家族
翌日。
朝食の後、ウードはリビングで絵を描いていた。
と、ガウがちょこちょこと寄って来て、紙の上を滑る彼の手元を興味深く眺める。
やがて彼の隣に椅子を置き、その作業にじっと見入る。
ウードは残っている利き腕で器用に線を重ねていく。
「――あ、昨日の人達?」
「うん。仲の良い家族だったから、描いてみたくなって」
彼らが外に出ることは無理でも、せめて街中で大手を振って生きられる様になればいいのに。
ウードはそんな願いを込めて、紙に線を重ねていく。
「森の家、あの絵、まだあるかな……」
遠い目をするガウ。
「きっとあるよ――いつか取りに行こう」
その声にガウは無言で同意する。
ウードのペンが紙を擦る音、時々止まったり、急に早くなったり、完全に動かなくなったり。
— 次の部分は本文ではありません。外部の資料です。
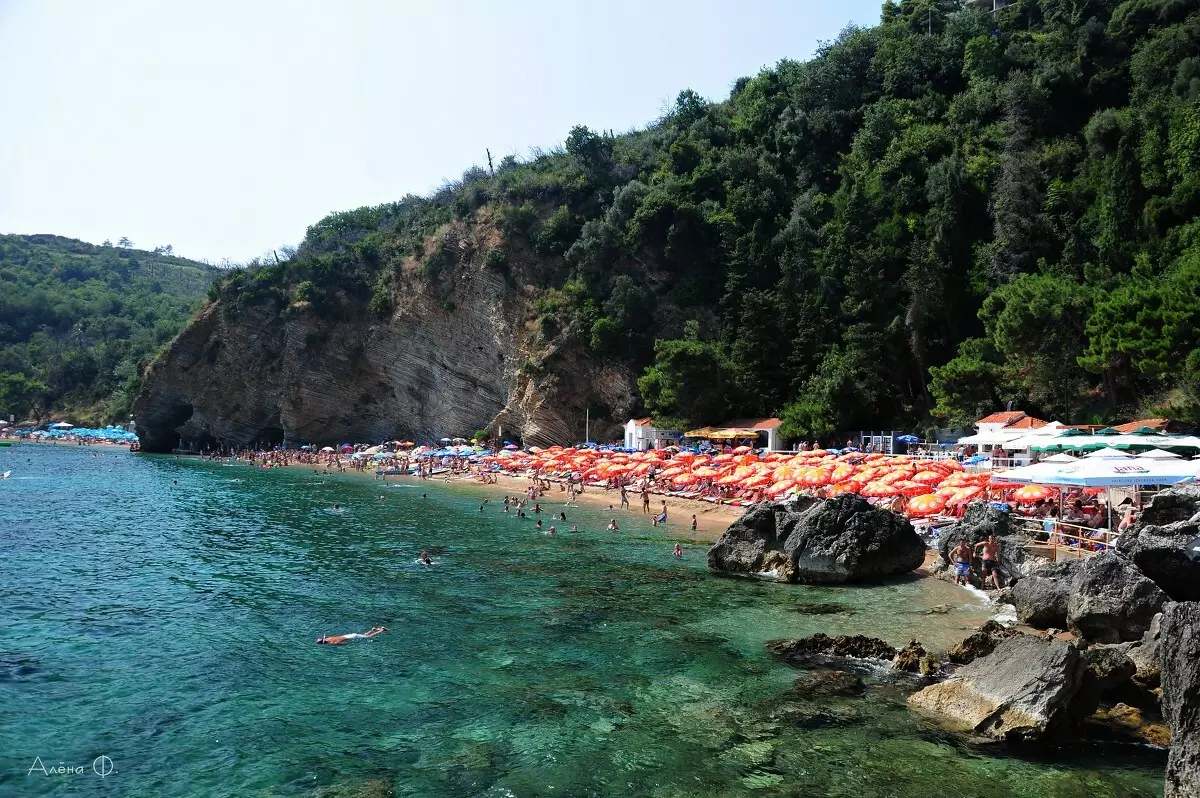 Buda Beach (62 slike): najbolje plaže u Budvi, Karakteristike posjećivanja plaća i slobodnih zona u Crnoj Gori. Gdje na karti Nađi slovenskog na plaži? Turističke recenzije 20610_44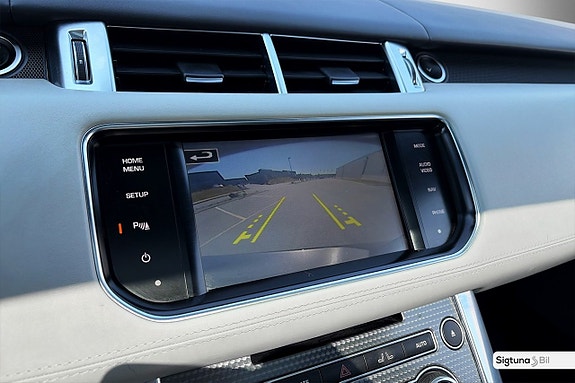 Land Rover Range Rover Sport 19 of 29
ガウは自分の聴覚、知覚を使ってその小気味良い音を楽しむ。まるで子供が歌う純朴な童謡のようなそれは、ガウの感覚を楽し気な波で優しく鳴らしていく。
こんな時間が続けばいいとガウは思う。
「こんな時間が続けばいいね」
ウードはそれを声に出して。
聞いたガウはこっくりと深く顎を引く。
「できた」
勢いよく紙を掲げるウード、感心したようにそれを見上げるガウ。
いつしか彼の肩に手を回して、寄り添うように。
セラー、トールが、レンカを真ん中に挟んでこちらを見て笑顔で立っている。
例え見た目が違っていても、三人は家族だ。ウード、ガウにはそう見えた。種族が同じだから家族なのではない。家族とは、そんな単位でまとまるものではないのだと思う。
三人の背後にはあの、上まで見渡せない本棚が描かれていた。
「いいね。すっごくいい」
「そう? ありがとう」
「あの人たちにあげようよ、これ!」
そうだね、と言って、ウードは自分の肩に回されたガウの手が悩ましくて、ほんの少しだけ身じろいだ。
その頃。
サティルナスの入り口を探して苛立っている集団の姿が、北の荒野にあった。
みな武装しており、三十人ほどの一団だ。
「何をしているのか!」
一人だけ上等な鎧に身を包んだ男が、兵士の一人を怒鳴りつける。部下の一人は半ばパニックになりながら、地図を頼りに地面に這いつくばって入口を探す。
だが――見つからない。それも無理はない、この辺りは似たような風景ばかりだ。
苛立ちが頂点に達した男は兵士に掴みかかろうとするが、別の兵士が慌ててそれを押し留める。
「ええい離せ!」
「エフロン様、どうか、今暫く!」
これ以上待てるか、と、エフロンと呼ばれた男が更に激昂する。
と。
「み、見つけましたっ」
救われたように叫ぶ兵士。
入り口を開け、先ほどの男を見た。
「全く、お前達ときたら……」
男は自分を押さえていた兵士たちを睨んで退かせると、ぶつぶつ言いながら入口の階段に足をかける。
心底ほっとした顔の兵士以下、一団がその後に続く。